Consonants and Vowels Contribute Differently to Visual Word Recognition: ERPs of Relative Position Priming

Manuel Carreiras1,2, Jon Andoni Duñabeitia2 and Nicola Molinaro2

1 Basque Center on Cognition, Brain and Language, 20009 Donostia-San Sebastián, Spain, 2 Instituto de Tecnologías Biomédicas, Universidad de La Laguna, 38205 Tenerife, Spain

Address correspondence to Manuel Carreiras, Basque Center on Cognition, Brain and Language, Paseo Mikeletegi, 53, 20009 Donostia, San Sebastián, Spain. Email: m.carreiras{at}bcbl.eu.

This paper shows that the nature of letters—consonant versus vowel—modulates the process of letter position assignment during visual word recognition. We recorded Event Related Potentials while participants read words in a masked priming semantic categorization task. Half of the words included a vowel as initial, third, and fifth letters (e.g., acero [steel]). The other half included a consonant as initial, third, and fifth (e.g., farol [lantern]). Targets could be preceded 1) by the initial, third, and fifth letters (relative position; e.g., aeo—acero and frl—farol), 2) by 3 consonants or vowels that did not appear in the target word (control; e.g., iui—acero and tsb—farol), or 3) by the same words (identity: acero–acero, farol–farol). The results showed modulation in 2 time windows (175–250 and 350–450 ms).
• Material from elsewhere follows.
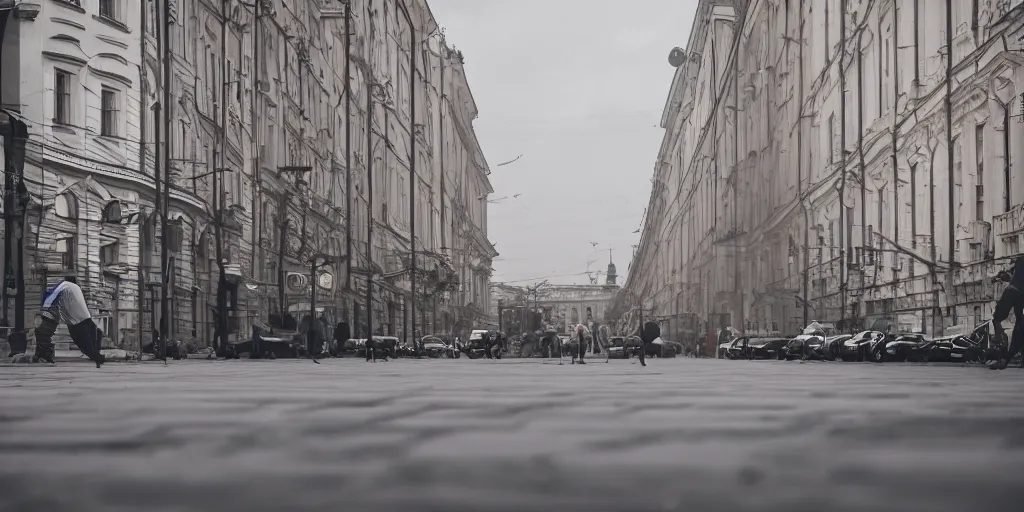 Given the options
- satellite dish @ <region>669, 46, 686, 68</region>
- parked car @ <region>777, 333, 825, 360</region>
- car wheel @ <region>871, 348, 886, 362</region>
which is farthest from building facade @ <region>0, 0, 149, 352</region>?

Relative position primes composed of consonants produced similar effects to the identity condition. These 2 differed from the unrelated control condition, which showed a larger negativity. In contrast, relative position primes composed of vowels produced similar effects to the unrelated control condition, and these 2 showed larger negativities as compared with the identity condition. This finding has important consequences for cracking the orthographic code and developing computational models of visual word recognition.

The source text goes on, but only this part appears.